Digital musicology

How can musical information be retrieved from a musical document?

There are two ways of accessing the musical content of a work.

1. From an audio input

Using various audio-based data extraction tools such as Aubio (http://aubio.org/), Yaafe (https://github.com/Yaafe/Yaafe) and Vamp plugins (www.vamp-plugins.org).

Diagram of Vamp Plugin (http://www.vamp-plugins.org/) showing data extraction from audio inputs Diagram of Vamp Plugin (www.vamp-plugins.org)
showing data extraction from audio inputs

Once the data has been extracted, a whole world of brand new analytical possibilities opens up for musicologists, ethnomusicologists and researchers interested in the phenomenon of music.  They can analyse musical data to find relationships in the musical structure, such as the most frequent chord resolutions in a particular style or how a series is developed in a twelve-tone work, or look at the differences between hundreds of performances of the same piece of music.  One of the commonest techniques in this kind of analysis is to convert the data obtained into visualisations, such as those provided, for example, by the Sonic Visualiser Free Software, whose possibilities go beyond conventional sound recordings: www.sonicvisualiser.org

The Digital Music Lab project (http://dml.city.ac.uk/) contains several examples of musicological research using Big Data, such as its DML Vis interface which is available on-line (http://dml.city.ac.uk/vis/).

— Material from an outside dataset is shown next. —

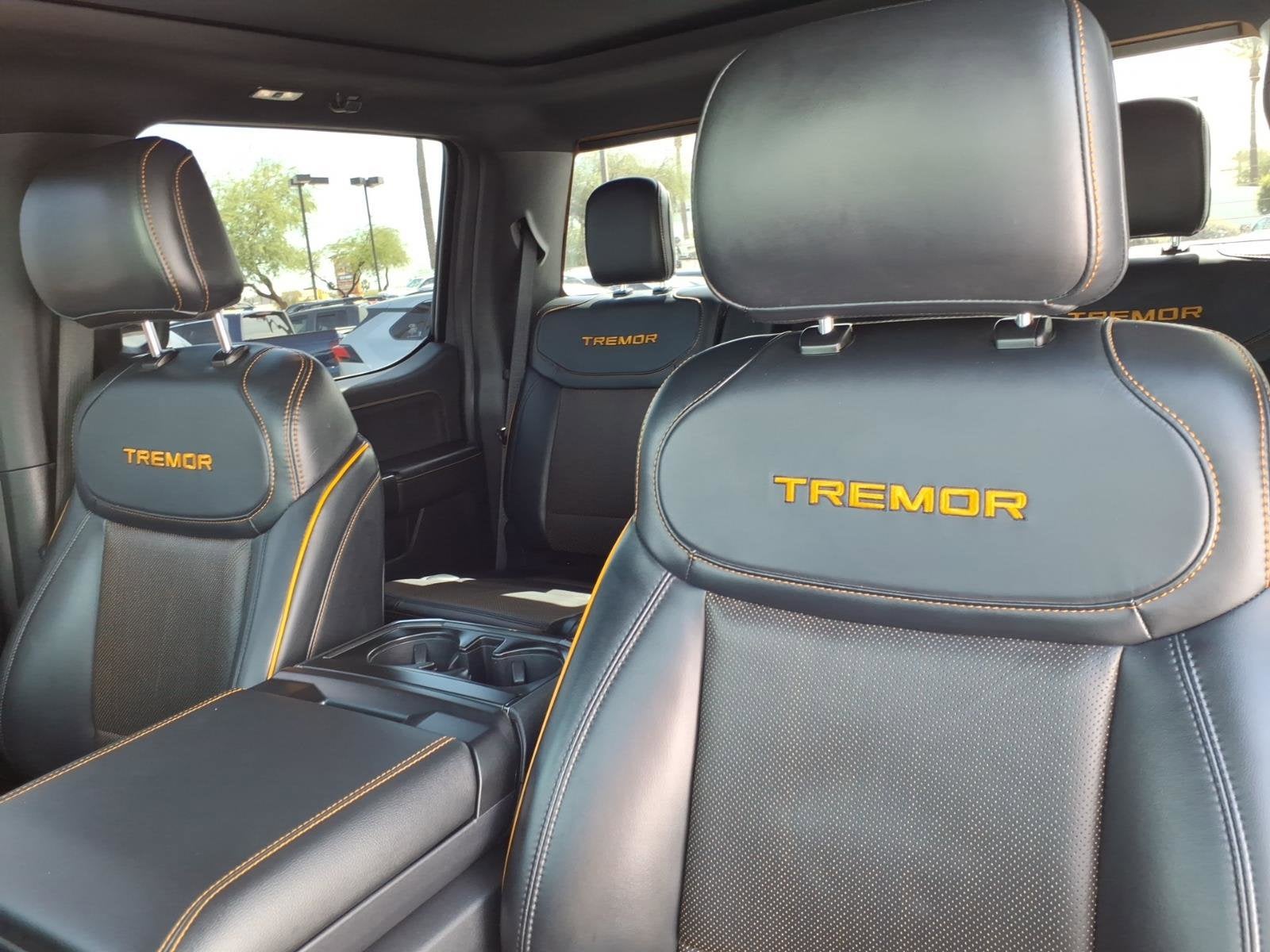 2021 Ford F-150 Tremor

This application enables users to explore, analyse and compare sound recordings in three major collections (the British Library Sound Archives, CHARM and I like Music) by viewing the duration of movements, the notes which predominate in terms of length, geographical provenance, chords, etc.

Screenshot of the DML Vis Interface Screenshot of the DML Vis Interface

2. From an image

New tools have emerged in recent years which allow musical notation to be codified from its digitised image.  Optical Music Recognition (OMR) allows large quantities of musical information to be accessed and processed in digital libraries.

Until new optical recognition technologies appear, the key to reducing conversion errors would appear to involve subsequent processing of the codified data.

As a solution to correct the results obtained after performing OMR, the researchers and research groups we mention below propose processing based on the following strategies:

  • Using various software applications for OMR and subsequently combining their results in order to improve the final score (Víctor Padilla et. al, Improving OMR for Digital Music Libraries with Multiple Recognisers and Multiple Sources, DLfM 2014, September 12th, 2014, London, UK).
  • Segmenting scores into bars and using dynamic programming techniques on the data obtained (Jin Rong and Christopher Raphael, Interpreting rhythm in optical music recognition, 13th International Society for Music Information Retrieval Conference [ISMIR 2012]).
  • c) Analysing rhythmical similarities throughout scores (and therefore paying attention to the cultural style of repertoires) and subsequent correction of errors by applying probability models (Maura Church and Michael Scott Cuthbert, Improving rhythmic transcriptions via probability models applied post-OMR, 15th International Society for Music Information Retrieval Conference, 2014).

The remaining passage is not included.